On his heels just three behind was a hard-chasing Justin Thomas, who found himself dead last after playing his opening nine holes of the week in three over, then went worst-to-first in just 41 holes. No one gets hot like JT, and when he got his claws on a share of the lead on Saturday afternoon, you figured he was the man to beat. But his pace slowed considerably, and a two-under 69 on Sunday saw him finish one behind a very, very popular silver medalist: Mexico’s Carlos Ortiz.
“I didn’t get off to a good enough start to really put any pressure on Viktor,” Thomas said. “It was a little windier, a little harder today, but I still wasn’t swinging it very good, and I felt like I really got away with how I felt over the ball the last couple days better than I would have thought. I think it just kind of caught up to me today.”

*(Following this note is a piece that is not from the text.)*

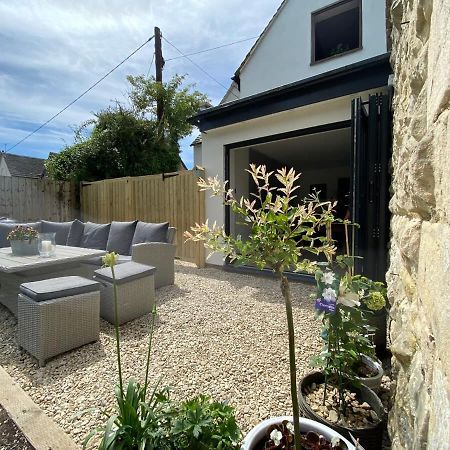 Large Stylish Luxury Cotswold Cottage - Ideal For Families, W/ Ev Charging Andoversford Exteriör bild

A different tune, as you might imagine, from Ortiz, who was delighted to give a damn good show to the smattering of fans in attendance (only resort guests, player guests and corporate guests were allowed on-site this week) with a closing 66, including birdies on five of his last seven holes.
“I’m really proud,” Ortiz said. “It was a tough day. I couldn’t really find anything on the front nine and I just kept pushing. The people, having them out here, all my friends, I just found a way to get something going. And it’s funny how golf works, but once you hit that first shot that you see and how you want it, just clicks and I just find that confidence that I needed to finish strong.”
You’d do well to find two places as culturally and topographically different as Norway and Mexico, but Hovland has found a second home on the Gulf. He’s won two of his three tournaments in Mexico, both in the fall. The other came in an opposite-field event in Puerto Rico. He has not yet poached one of the shinier trophies on the PGA Tour, and majors are a whole separate conversation, but he did make his first Ryder Cup appearance in September. Plus, a man can only win the tournament he’s playing in. And if you saw the manner in which Hovland won this one, you know those conquests are only a matter of time.